One more question if you don't mind answering.

If a quantum Quake occurs, and one player is Vulch, does vulch keep it's artifacts? does vulch get the artifacts from people's hands?

Cheers,

FH

Just_a_Bill said:

fat_hampster said:

- Do you have to attack someone on you're go?

- Yes, you must make at least one encounter on your turn.

fat_hampster said:

it wasn't that I thought the rules were trying to trick me, it's just that the rulebook, doesn't explicitly deal with the situation

Sure it does, right on page 8:

Defending with Nothing?

Even though a player may no longer have a colony
on one of his or her home planets, that player
must still defend it. This can result in some unusual
encounters.

For example, assume Filch and Parasite each have
two ships on one of Macron’s planets. Macron
has no ships on the planet – those ships have
already been sent to the warp by the other two
in a dastardly attack. So, when Clone has an
encounter with Macron in Macron’s home system,
Clone can aim the hyperspace gate at that planet
and face zero defending ships. Although Filch
and Parasite are present on the planet, it is still
Macron’s planet, and Macron is the defense. Of
course, since Macron has nothing to lose in the
encounter, it’s quite possible for Clone to gain an
easy colony. However, Filch and Parasite aren’t
defending the planet, so their colonies are safe
as well (see the “Bystanders” sidebar below for
further details).

fat_hampster said:

If a quantum Quake occurs, and one player is Vulch, does vulch keep it's artifacts? does vulch get the artifacts from people's hands?

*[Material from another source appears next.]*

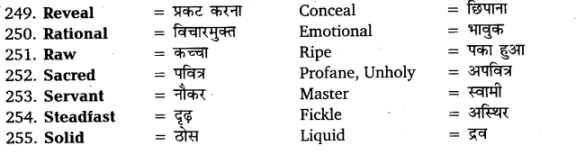 UP Board Solutions for Class 11 English Vocabulary Chapter 6 Antonyms img 19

I'm going to say "no" to both. Vulch's power allows him to keep artifacts when he is drawing a new hand, but I would interpret that as "during a normal hand refresh". I don't think a Cosmic Quake should be interpreted as "everyone collecting a new hand" because (a) the sequence of how it works is different and (b) it could trigger all kinds of cosmic foolishness that might cause an infinite-quake-loop.

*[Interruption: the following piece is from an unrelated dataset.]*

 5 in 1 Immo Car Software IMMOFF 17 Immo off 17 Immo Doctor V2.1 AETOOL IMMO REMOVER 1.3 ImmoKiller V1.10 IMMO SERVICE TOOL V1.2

(Technically, Vulch's power would allow him to collect all the artifacts discarded by everyone else during the quake, but personally I would rule that he then has to immediately discard them himself as part of that same quake — but it's all a whole lot simpler to just rule that a Cosmic Quake trumps all powers, cards, and other effects that might want to interfere with the quake.)

PJSlavner said:

You must make at least one encounter on your turn, but you are not necessarily required to attack someone else. As an encounter, if you turn your own color destiny card and you have at least one planet in your system with no ships on it, you may place one to four of your ships on one of those planets. This counts as a successful encounter.

Good catch; that's an important clarification. (I should have been more careful and not implied a "yes" answer to the "attack someone" part of fat_hampster's question.)

A clarification is needed for "playijng reinforcements cards question" - I understand that only participating players can play reinforcements cards but is it possible to play a reinforcements cards for the opposing force? For example attacking main/allie player places a reinforcements card for the defending player?

Yes, you may play a reinforcement for the opposing side. This is handy in several situations. Two that come to mind immediately are when the opponent is Anti-Matter or when an upset has been declared by Loser.